Failure URL needs to show referring page

(from github.com/pcolmer)
We’re getting some errors in the Failure URL log which we could fix if we could find the errant page.

For example, we’ve got some bad URLs resulting in a java.lang.IllegalArgumentException from org.codelibs.fess.crawler.exception.CrawlingAccessException.

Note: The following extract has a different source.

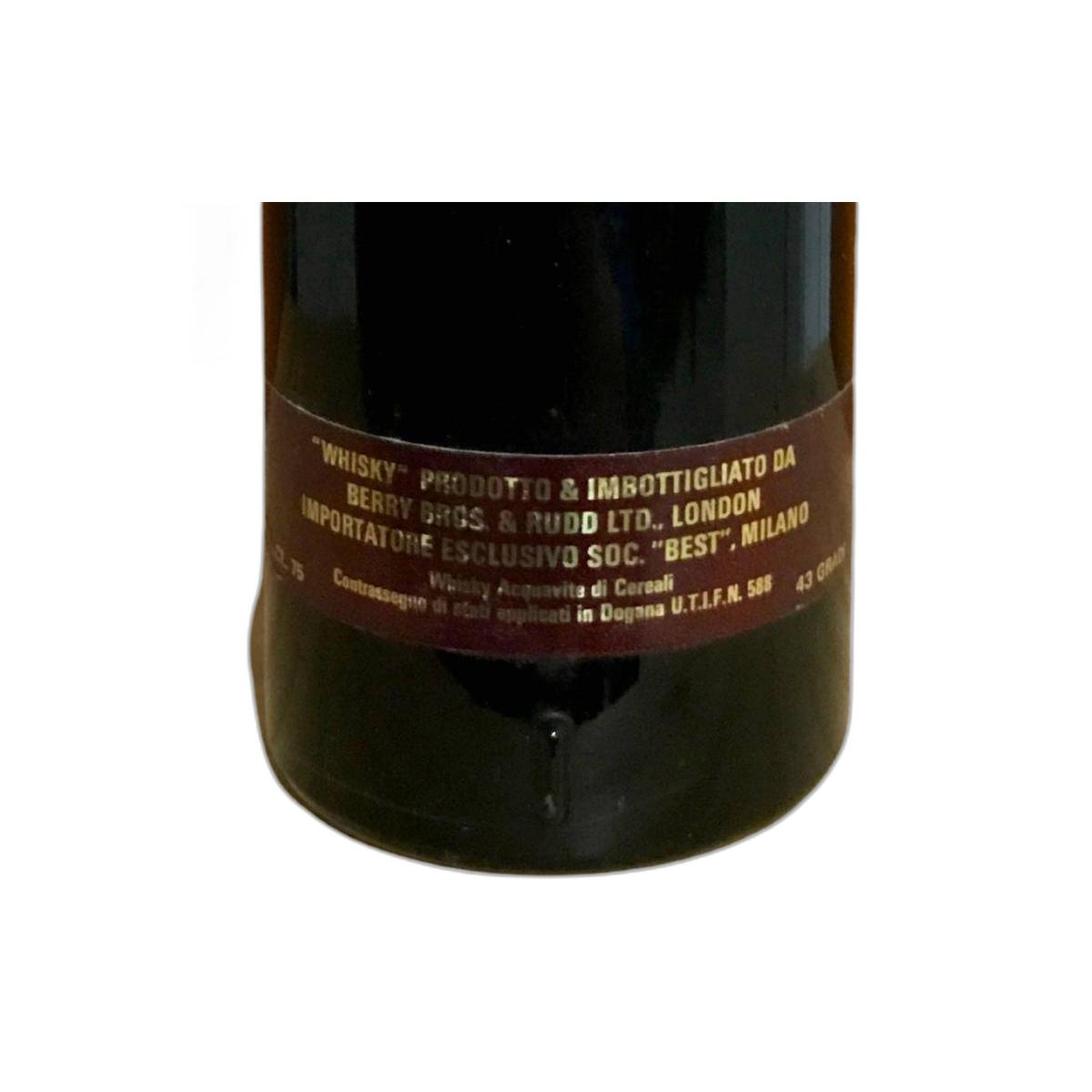 Berry Bros. & Rudd Blended Malt Whisky 3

If the details page showed which page had been crawled when it encountered that URL, that would help us fix the problem.

(from github.com/marevol)
Check fess-crawler.log.

(from github.com/pcolmer)
All I can find is this:

2017-05-17 03:25:07,866 [Crawler-20170517000000-9-1] INFO  Crawling URL: http://www.96boards.org/register/ http://www.96boards.org/register/
2017-05-17 03:25:10,324 [Crawler-20170517000000-11-2] INFO  Crawling URL: http://connect.linaro.org/tag/narayana-prasad-athreya/
2017-05-17 03:25:10,395 [Crawler-20170517000000-9-1] INFO  Failed to access to http://www.96boards.org/register/ http://www.96boards.org/register/; The url may not be valid: http://www.96boards.org/register/ http://www.96boards.org/register/; The url may not be valid: http://www.96boards.org/register/ http://www.96boards.org/register/; The url may not be valid: http://www.96boards.org/register/ http://www.96boards.org/register/; The url may not be valid: http://www.96boards.org/register/ http://www.96boards.org/register/; The url may not be valid: http://www.96boards.org/register/ http://www.96boards.org/register/

But that isn’t telling me where it got that original bad URL from …

(from github.com/marevol)
To check child links

  1. Change to query.additional.search.fields=anchor in fess_config.properties
  2. Restart Fess
  3. Search by anchor:“http://www.96boards.org/register/ http://www.96boards.org/register/” or anchor:“http://www.96boards.org/register/ http://www.96boards.org/register/*

(from github.com/pcolmer)
Thank you for that.

Reading https://github.com/codelibs/fess/issues/1074, does this mean I need to wait for version 11.2.0? I’m presuming that issue 1074 adds support for “anchor” as a search property?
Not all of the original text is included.